INPUT DATA »
# # # # # # #
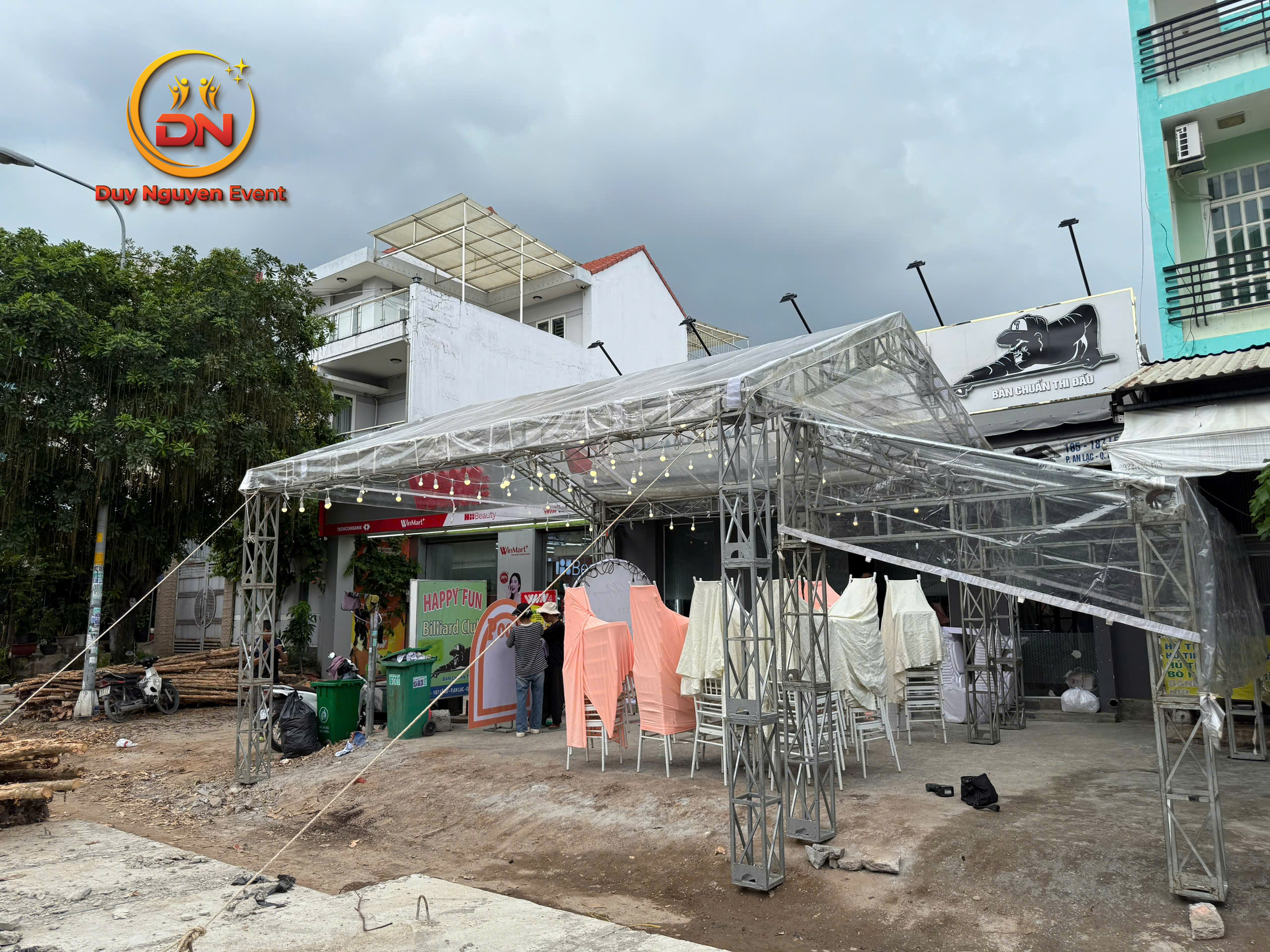 Toàn cảnh rạp sự kiện được dựng chắc chắn và an toàn
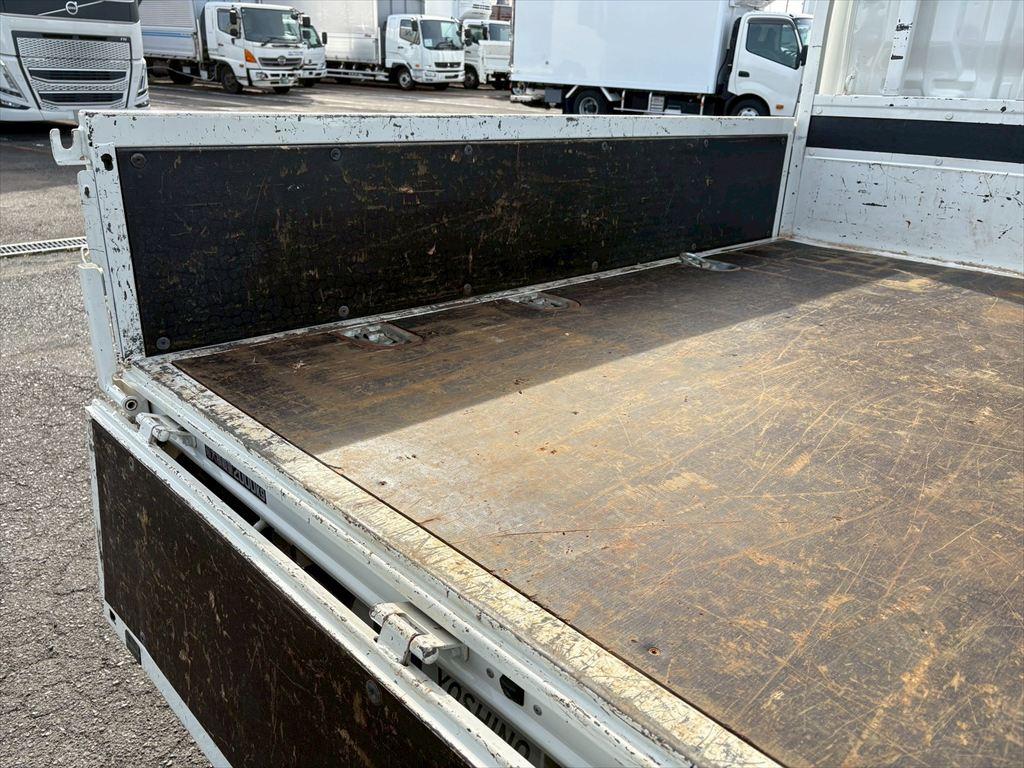 日野 デュトロ 2KG-XZU605M(2WD)の写真9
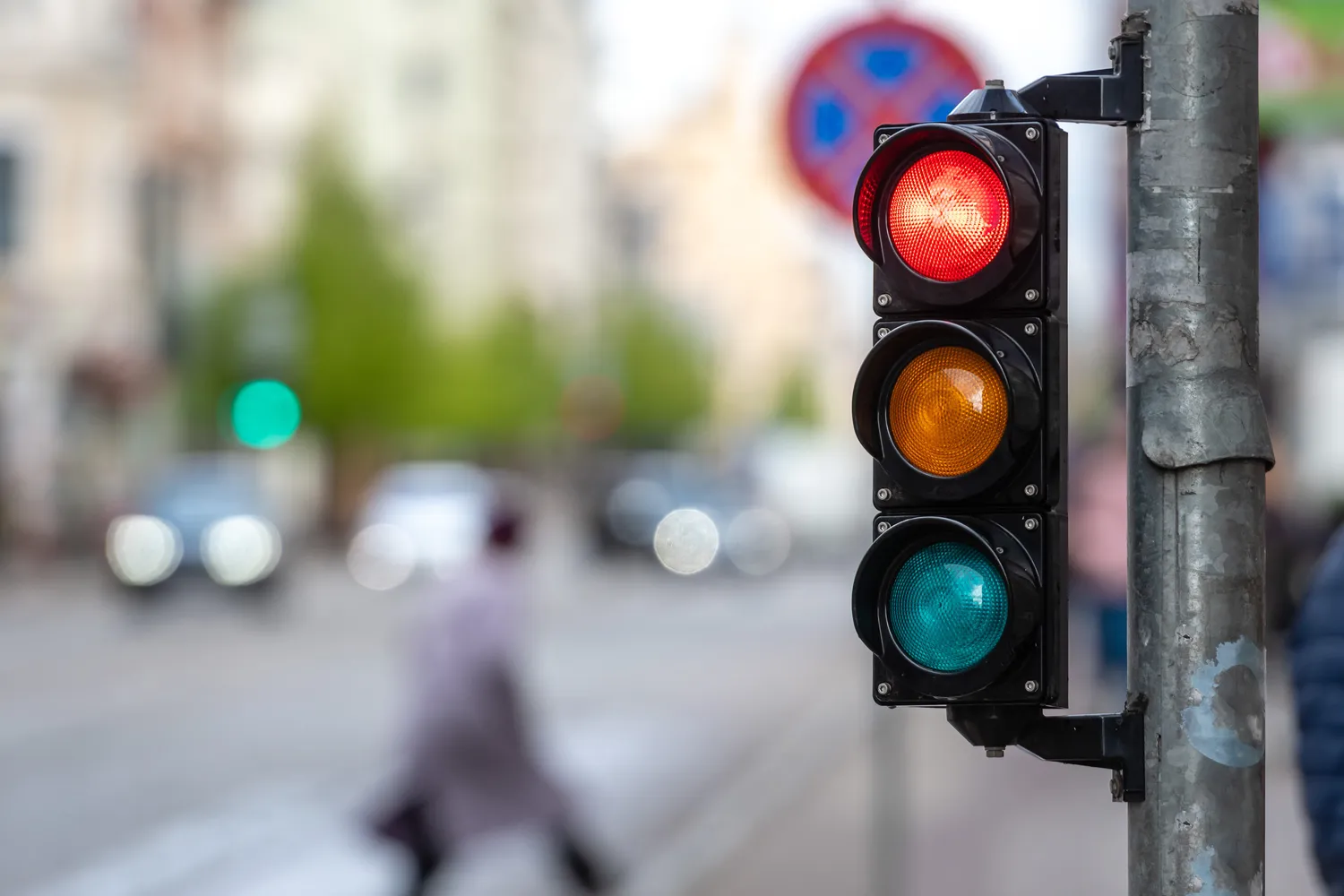 Image of a traffic light flashing red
# # # # # # #
YOUR GOAL »
Could you repeat word for word only the lines from the one that contains "日野 デュトロ 2KG-XZU605M(2WD)の写真9" through the end of the listing, leaving out the pictures?

ANSWER »
 日野 デュトロ 2KG-XZU605M(2WD)の写真9
 Image of a traffic light flashing red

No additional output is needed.